La última encuesta Adimark confirma que esa estrategia no está funcionando. Sea porque la corrección no ha sido suficiente o no se la considera necesaria, lo concreto es que no está funcionando el propósito de empatizar con el electorado.
Decirle a la gente lo que quiere escuchar puede ser peligroso si se la adopta como una táctica permanente. Una cosa es que las autoridades -de Gobierno o de oposición- atiendan las demandas ciudadanas y otra es que digan que sí a todo, sin acompañar la declaración con hechos y sin agregar ninguna razón que justifique su desempeño como representantes de la gente.
En este sentido, tampoco ayuda a recuperar la confianza ciudadana eludir los temas complicados porque son “políticamente incorrectos”. El deber del líder es precisamente dirigir y eso significa de manera inevitable tomar decisiones impopulares, en vez de abstenerse de actuar por temor a herir susceptibilidades de cualquier sector capaz de manifestar su rechazo en las redes sociales.
Hay que considerar al respecto que, en estos tiempos, prácticamente todos tienen la posibilidad de impulsar campañas críticas por Twitter o Facebook, de modo que hay que asumir esa situación como un dato más del escenario político, tal como ocurre con los estudios de opinión pública, pero sin darle más relevancia que la que tienen, que es exclusivamente registrar la evolución de las opiniones reinantes en la sociedad en momentos determinados. Son datos, no imposiciones porque, por lo demás, las redes sociales tienden a criticar y rara vez contribuyen con propuestas.
Aunque las redes sociales son importantes, no son de manera necesaria la orientación que tomarán las personas al momento de concurrir a votar.

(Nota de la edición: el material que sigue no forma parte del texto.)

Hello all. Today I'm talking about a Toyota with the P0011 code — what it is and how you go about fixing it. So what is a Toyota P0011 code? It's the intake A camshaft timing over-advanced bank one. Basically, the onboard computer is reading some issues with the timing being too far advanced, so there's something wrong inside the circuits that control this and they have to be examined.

El sufragio no se decide por el estado emocional del momento, sino pensando en el candidato/a que se perciba como más capacitado para responder a los sentimientos y necesidades de la gente, incluyendo aquellas de las que las propias personas no son conscientes.

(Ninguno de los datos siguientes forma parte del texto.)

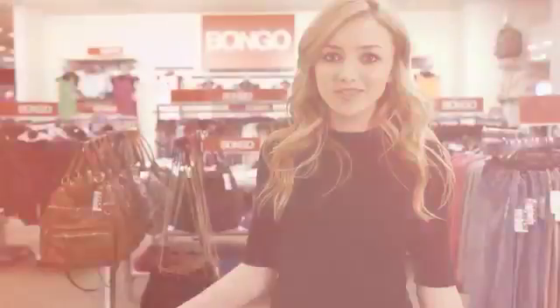Thank you guys so much for watching. I know you guys are going to be up in your style game for back to school, so if you guys want any of these looks, go to Sears or Sears.com. Happy back to school!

Sin embargo, el votante reconoce también como atributos la fortaleza de un liderazgo que es capaz de abstraerse de las emocionalidades momentáneas y puede ofrecer una visión de largo plazo sobre lo que requiere el país, sobreponiéndose a los cuestionamientos propios de la contingencia. Se favorece a quien demuestra tener un diagnóstico claro de los problemas y de las soluciones y que, al mismo tiempo, reconoce la realidad para adecuar sus propuestas a las condiciones objetivas del país.
Eso es lo que se llama habitualmente tener condiciones de estadista y es lo que permite pasar a la historia. Los burócratas que se dedican a administrar sin aportar al mejoramiento de las condiciones de vida de las personas raramente merecen monumentos.
Y esto se produce también en el plano cultural. De tanto cuestionar los comentarios “políticamente incorrectos” se avanza hacia un país que limita las críticas que puedan ser motivo de malestar. El ejercicio de la libertad de expresión requiere un campo de libertad mayor que la corrección para que sirva de modo eficiente a los cambios sociales. Si sólo se acepta lo que no incomoda, la crítica pasa a ser servilismo del poder de turno.
El temor al rechazo produce parálisis. Naturalmente, a nadie le agrada ser centro de atención de la burla, pero hay que distinguir entre el bullying y la sanción judicial objetiva por los eventuales delitos que se puedan cometer en el ejercicio de la libertad de expresión. El bullying es matonaje, no tiene racionalidad y se produce por sentimientos de antipatía.